The Semiconductor Industry Association (SIA) released the 2001 edition of its International Technology Roadmap for Semiconductors (ITRS) on Wednesday, calling for a more aggressive push to smaller circuit sizes than previously planned.

While the majority of today’s PCs use processors with a circuit size of either 180 nanometers (0.18 microns) or 130 nanometers (0.13 microns), the new roadmap shows the industry planning to deliver 90 nanometer circuits by 2004, and 22 nanometer circuits by 2016, the SIA said in a statement.

To put that into perspective, the width of a human hair is about 100,000 nanometers. Shrinking the size of circuits has been largely responsible for the dramatic improvements in chip performance over the past decade.

These figures surpass the organization’s previous roadmap, released in 1999, which called for 100-nanometer circuits by 2005, shrinking to 35 nanometers by 2014.

As circuits shrink, the performance of chips can be increased without greatly increasing power consumption or the amount of heat generated.
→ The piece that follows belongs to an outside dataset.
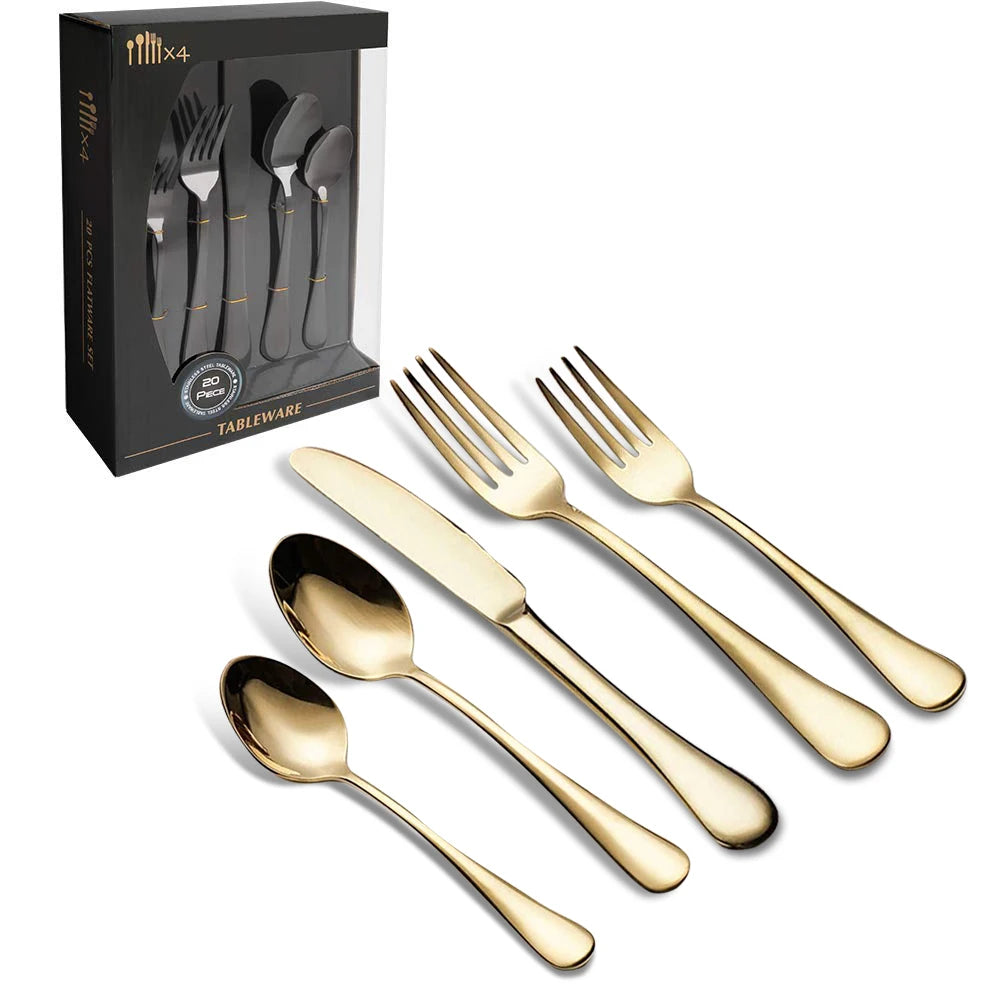 Table Ware Royal Cutlery Set Stainless Steel 20pcs Restaurant Gold Cutlery Set with Gift Box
Companies can also get more chips from each silicon wafer by using a smaller process, which helps them keep prices lower. Intel Corp. said earlier this year that the 0.13-micron manufacturing process allows it to cut approximately twice as many chips as the 0.18-micron process from a wafer of the same size.

The ITRS roadmap looks 15 years into the future, and provides the industry with guidance about what to plan for in the future. It’s arrived at by consulting 800 semiconductor experts from around the world, the SIA said.

“In the past, this has been a major synchronization method for the industry,” said Nathan Brookwood, principal analyst with consultancy Insight 64 in Saratoga, Calif. “You can do things that aren’t on that roadmap for sure, but you would be swimming against the tide.”